Cheap Internet phone service is leading to a boom in overseas fraudster robocalls—many of them victimizing senior citizens—but help is on the way, the Senate Special Committee on Aging was told Wednesday.

Voice Over Internet Protocol (VoIP) technology has enabled foreign companies, typically from India, to make millions of scam calls for less than one cent a minute, helping cause complaints to the Federal Trade Commission about the fraudsters to climb to 150,000 a month from 63,000 six years ago.

As a result, the Federal Trade Commission is expected to consider a proposal as soon as next week from its Chairman Tom Wheeler that would give telephone companies the right to block robocalls.

“They think they have an obligation to connect every call,” committee member Sen. Claire McCaskill (D-Missouri) said.

Sen. Susan Collins (R-Maine), the committee chairwoman, said this is step is needed to protect seniors from the victimizers.

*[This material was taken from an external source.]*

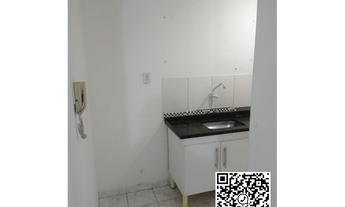 Imagem 7: LOCAÇÃO-Apartamento Condomínio Santana Tower I 2/4, padrão 3º anda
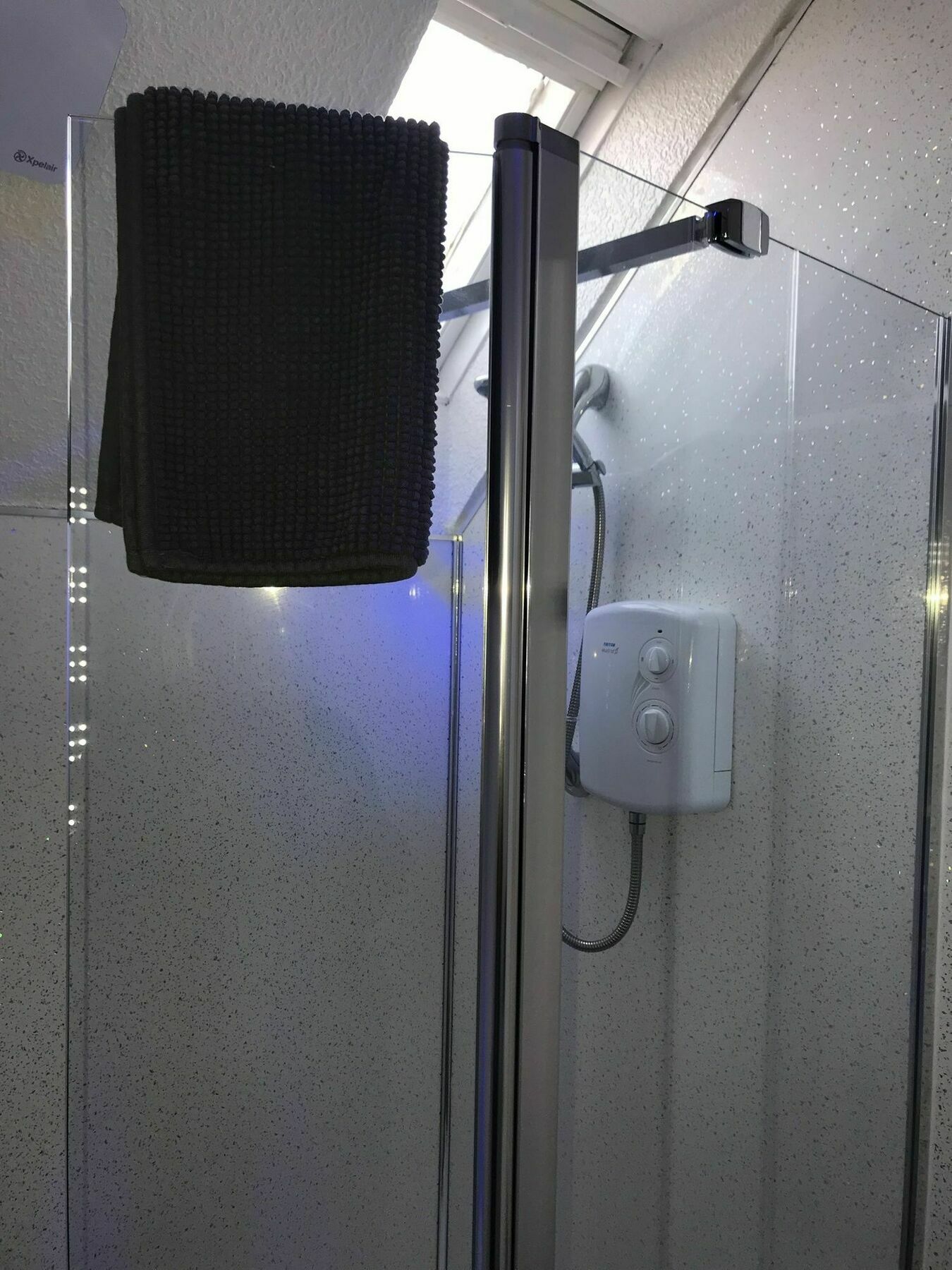 Beechwood Ensuite Guest House Άυρ Εξωτερικό φωτογραφία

She noted that when robocallers hide their identity (a practice called “spoofing”) and use Caller ID to pretend to be from the Internal Revenue Service or the police, some senior citizens become scared and can be easily hustled into doing whatever the scamsters demand.

“The technology does exist for us to deal with this problem. We need to push the telephone companies in the name of consumer protections,” said Collins.